Introduction from the Curator

About

Around 1700, in the Prussian province of Halle, August Hermann Francke began a project of reformation that remains singular to this day in its international reception and influence. His globally pertinent vision for reform in education, social welfare and society was not merely theoretical, but also tangibly grounded and aimed at nothing less than making the world a better place. This goal was and, still today, is manifested through the construction of the architecturally impressive and exemplary school campus with its celebrated orphanage, which is today a candidate for the UNESCO World Cultural Heritage List. Francke’s work became global, though, through the transmission and transplantation of his ideas and concepts throughout Europe (Russia, Scandinavia, southern Europe, Great Britain) as well as to India and North America. It is a project of reformation with worldwide dimensions, which transported ideas and established cultural contacts as early as the 1700s.

On the occasion of the 350th anniversary of the birth of the founder of the Francke Foundations we must ask ourselves how to proceed with this heritage of ideals and what its consequences are for our contemporary globalized world. What can Francke’s strategies mean today for a universal education, for the betterment of the world through the universal transmission of education? Where, today, are certainties and visions to be found, which might serve as a basis for the betterment of global living conditions? Do these certainties, do these visions still exist, or are we living in a time of deterioration and relativization?

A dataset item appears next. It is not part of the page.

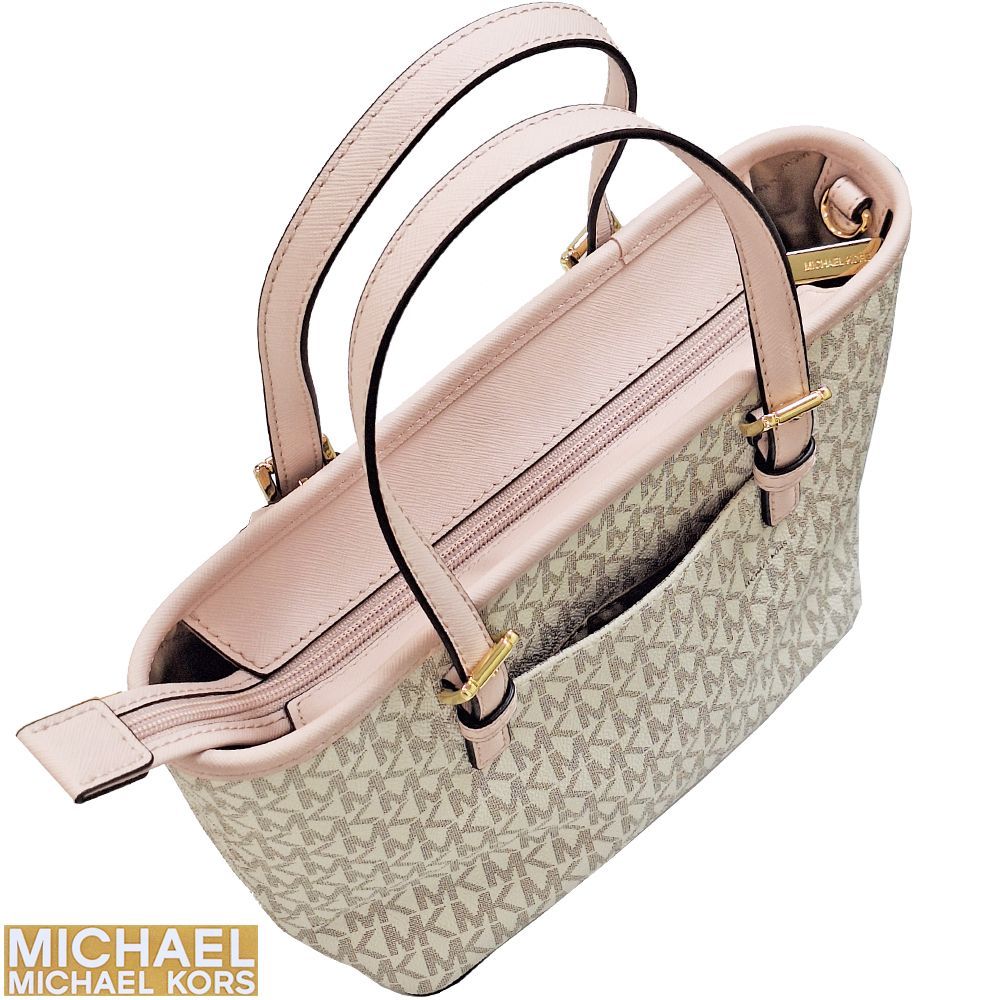 未使用品 MICHAEL KORS マイケルコース ハンドバッグ ピンク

To this end we have risked an experiment and posed these questions anew with the help of internationally active artists. Here, certainty and vision are the fundamental concepts for an engagement with history and a challenge to seek and reflect upon their relevance today. In times of great societal upheaval and unrest involving entire nations and cultures and creating uncertainty for the future of millions, and in a long-term global structural crisis of the capitalist economic system, the historic occasion of the Francke anniversary seems to us a fitting moment for this project based upon Francke’s thought and beliefs, his education and globally impactful charitable work as well as his potential significance for the present day.

Fundamental questions have come into play since the collapse of the socialist systems in Eastern Europe in the early 1990s, the questioning of traditional societal structures in the most densely populated Arab nations and, most clearly, in key Middle Eastern nations like Turkey, or in a social affront in the economically most important country in Latin America, Brazil. We are all affected, throughout the world, when populous countries like Syria or Egypt descend into lasting chaos and civil war. And thus it becomes ever more pertinent to ask what concepts like »certainty« and »vision« might look like today or what they might mean for the further development of civilization.

Here, Francke is intended to be the impetus that will allow a group of globally aware and globally active artists, scientists and scholars working on questions of universal significance collectively to reflect upon and to invite a broader audience to a reconsider these same questions through this exhibition. In collaboration with the curators of this exhibition and scholars from the Francke Foundations these artists will address these themes through on-site projects and presentations. These range from a photography installation by the Russian artist Sergey Bratkov on his childhood in his hometown of Kharkiv to an installation of thousands of small, red foam figures by the New York-based Turkish artist Serkan Ozkaya, titled »Proletarians of the World …«, to a chrome-plated boulder on a black pentagram in front of the Francke Foundations and opposite the German Federal Cultural Foundation by the Dutch artist Marc Bijl. Alongside all of this, films are an important part of the exhibition. »The Disintegration Loops 1.1« by New York sound artist William Basinski is an extraordinary work on the subject of 9/11; a video by the Prague-based artist Adela Babanova, »Return to Adrianopel«, takes up an incredible vision from Czechoslovakia in the 1970s, the construction of a tunnel to the Adriatic Sea. In his short and compelling videos, Christian Niccoli asks universal questions of collectivity, balance and threat through images. In his sound installation, constituting a forest of loudspeakers, Via Lewandowsky deals with the relationship between music, singing and the brain. In October 2013 the Halle-based artist and club manager Gabriel Machemer will set up a portrait studio in the centre of Halle, near the marketsquare, to be run continuously during business hours like any other exhibition, shop or gallery space. During this time, fictive portraits of former students of the Francke Foundations will be created, based on the »The Orphanage Album of the Francke Foundations, 1695 – 1749«. This publication contains poignant psychological notes on the background, development and biography of these children.

This exhibition aspires to make the contemporary dimension of a historical idea visible to a broad – and especially to a young – audience through the strategies of contemporary artists and through extensive interviews with scientists and scholars who can be listened to on DJ turntables in an installation by Moritz Götze. It is in this way that our recourse to cultural history can enable and sharpen a critical view of the present and the future.